## Work to complete
Every record should be copied exactly, and the images omitted.

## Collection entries
-- -- --
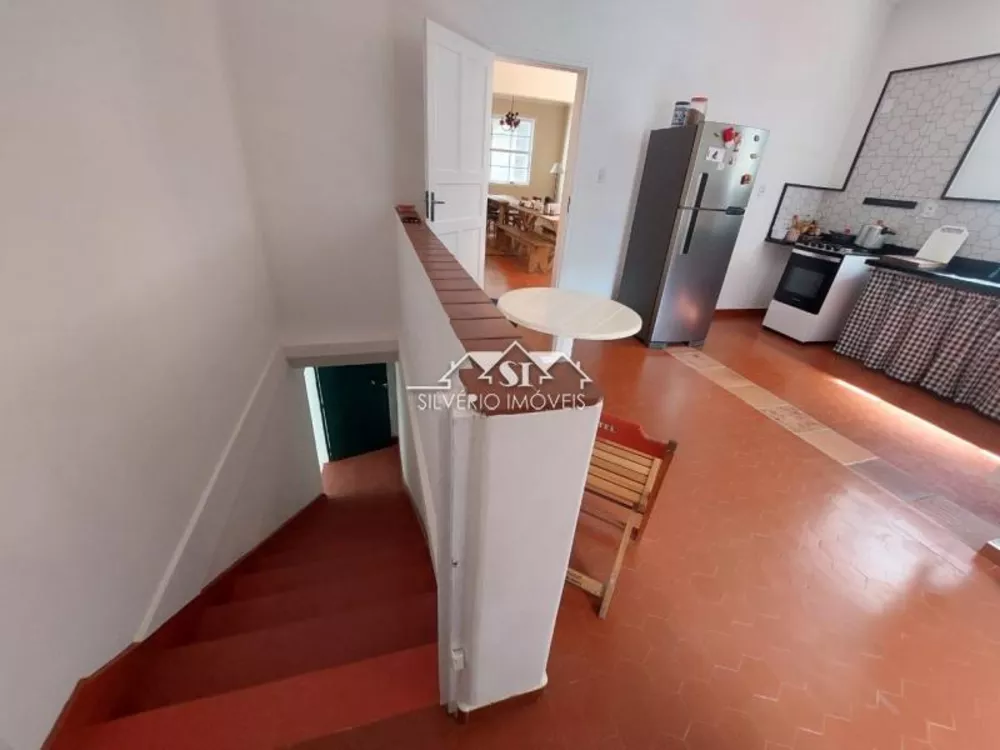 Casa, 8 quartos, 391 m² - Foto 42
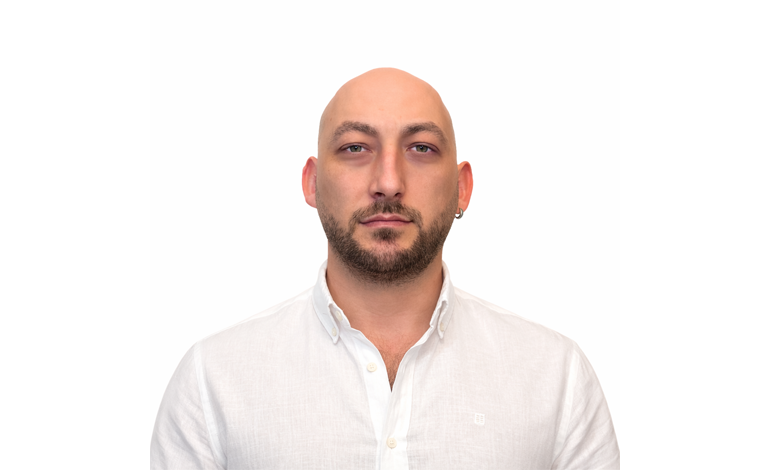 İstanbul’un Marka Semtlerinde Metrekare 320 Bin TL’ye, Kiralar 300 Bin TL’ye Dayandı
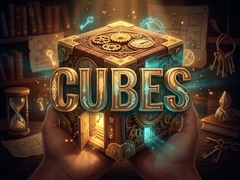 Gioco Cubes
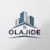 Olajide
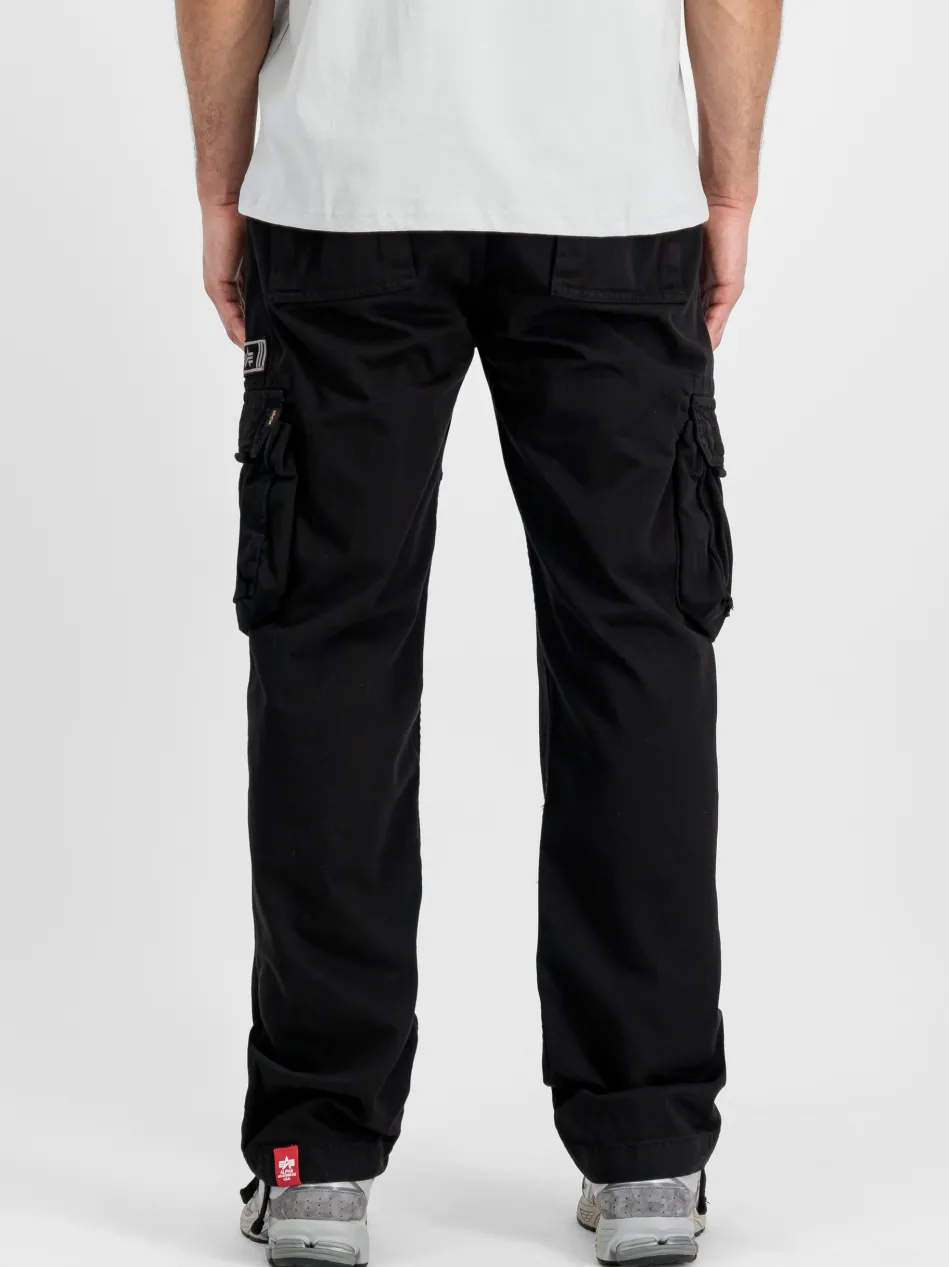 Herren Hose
-- -- --
## Solution for this problem
 Casa, 8 quartos, 391 m² - Foto 42
 İstanbul’un Marka Semtlerinde Metrekare 320 Bin TL’ye, Kiralar 300 Bin TL’ye Dayandı
 Gioco Cubes
 Olajide
 Herren Hose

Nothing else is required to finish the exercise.